If It Involves Datamining, It Must Be Bad:

Two years ago, public concern over the proposed Total Information Awareness datamining program led Congress to defund the program. At the time, the thinking was that while the private sector and the international community was free to gather, scan, and assess large databases for all sorts of purposes, it was problematic to have the United States government trying to do that here in the United States.

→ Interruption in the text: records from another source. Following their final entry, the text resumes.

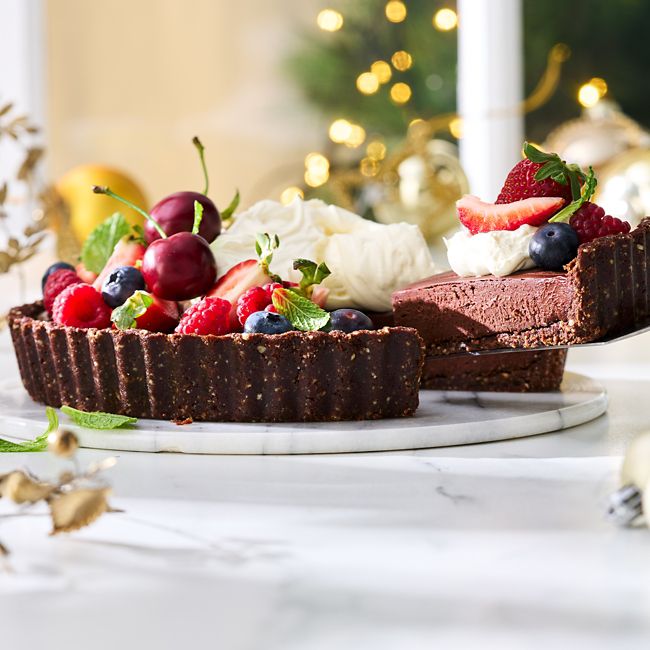 No-bake Chocolate Tart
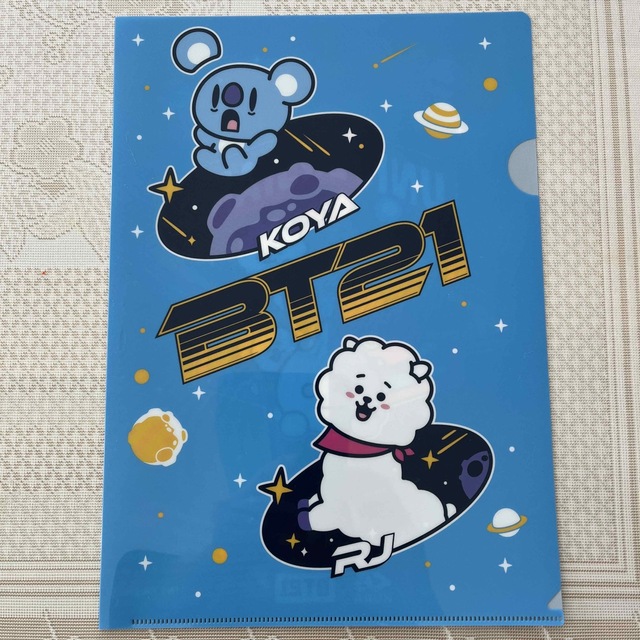 BT21(ビーティーイシビル)のくら寿司 BT21クリアファイル  エンタメ/ホビーのCD(K-POP/アジア)の商品写真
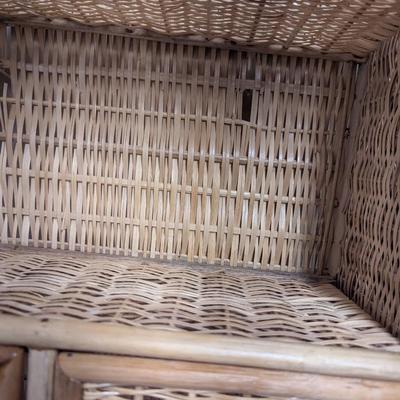 Wicker Hanging Shelf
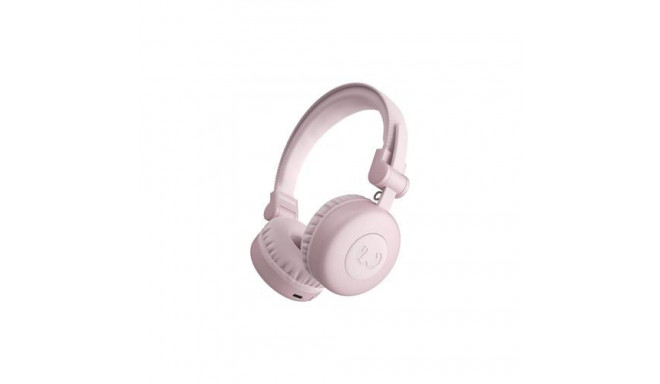 Fresh &#039;n Rebel Code Core Headset Wireless Head-band Calls/Music USB Type-C Bluetooth Pink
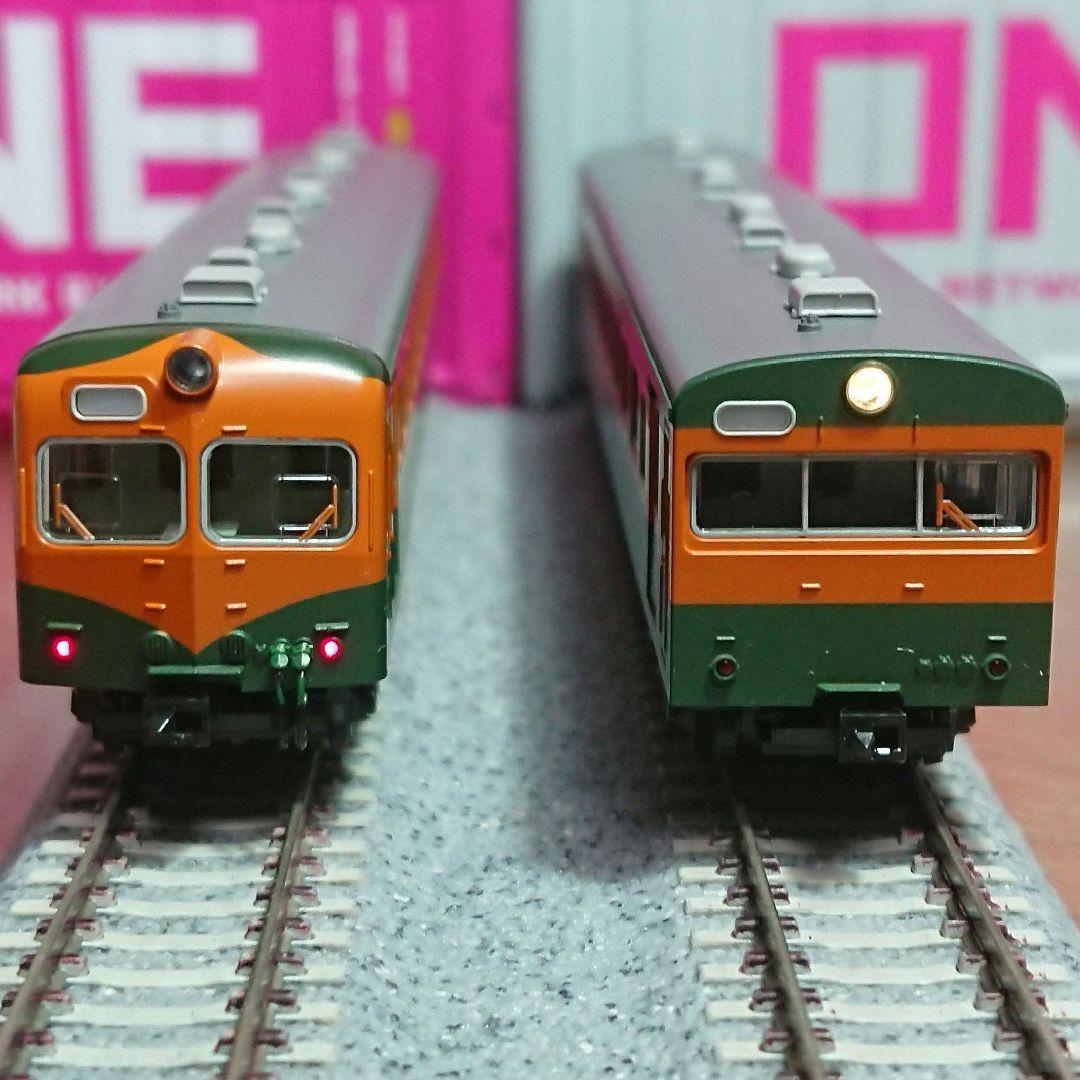 Nゲージ KATO 80系 飯田線 6両セット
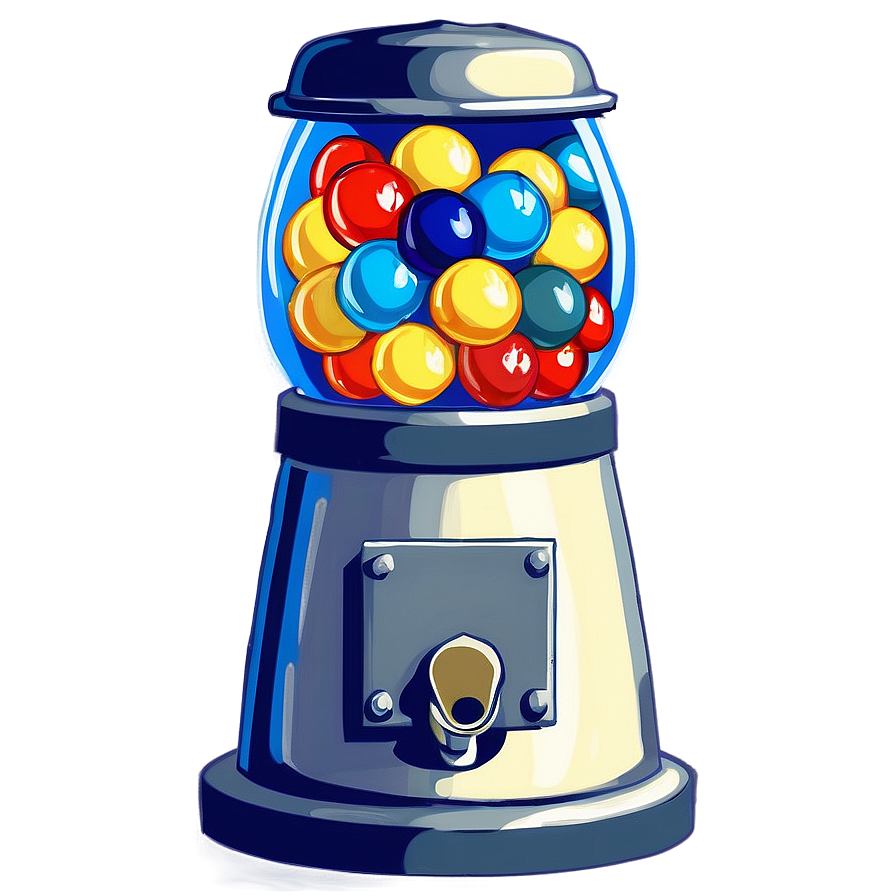 Industrial Gumball Machine Png Urw45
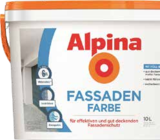 Fassadenfarbe 10 l Angebote von Alpina bei Sonderpreis Baumarkt Salzgitter für 18,95 €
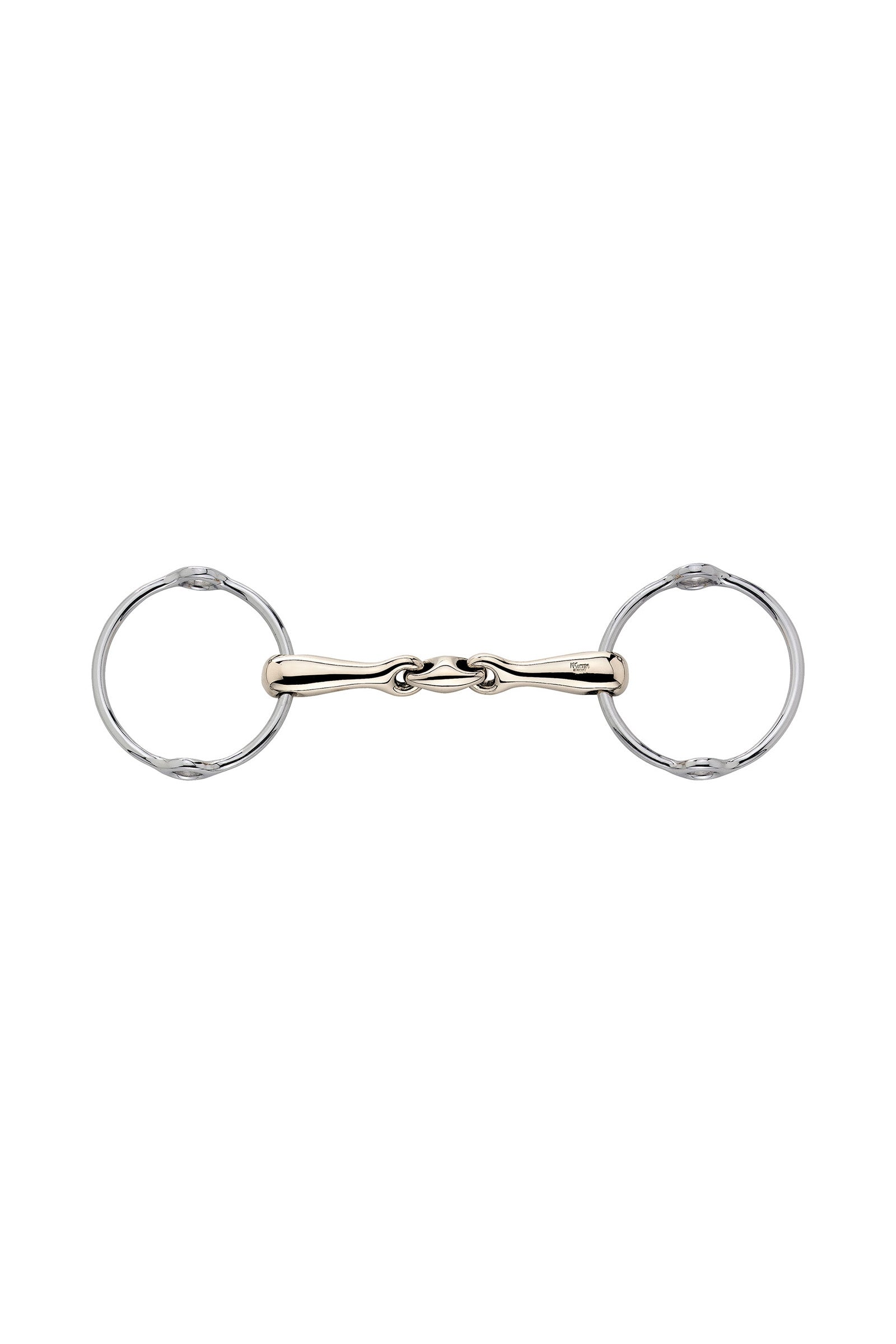Sprenger KK Ultra wędzidło gag, podwójnie łamane, 16 mm, Sensogan Wędzidła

  I’m a bit puzzled, then, by a front page article in the Washington Post announcing with considerable alarm that a new company has formed: Global Information Group, a company that plans on doing data gathering and mining for the private sector out of the Bahamas. The company has hired a former government official, Ben Bell, who used to be the Director of the Transportation Security Administration’s Office of National Risk Assessment. According to the Post:

The company plans to do such things as assess foreign job candidates for risk, conduct background checks on cargo ship crews or take stock of people who want to open bank accounts in the United States, documents and interviews show. It also will provide something the company calls “terrorist risk identity assessment,” a company document shows.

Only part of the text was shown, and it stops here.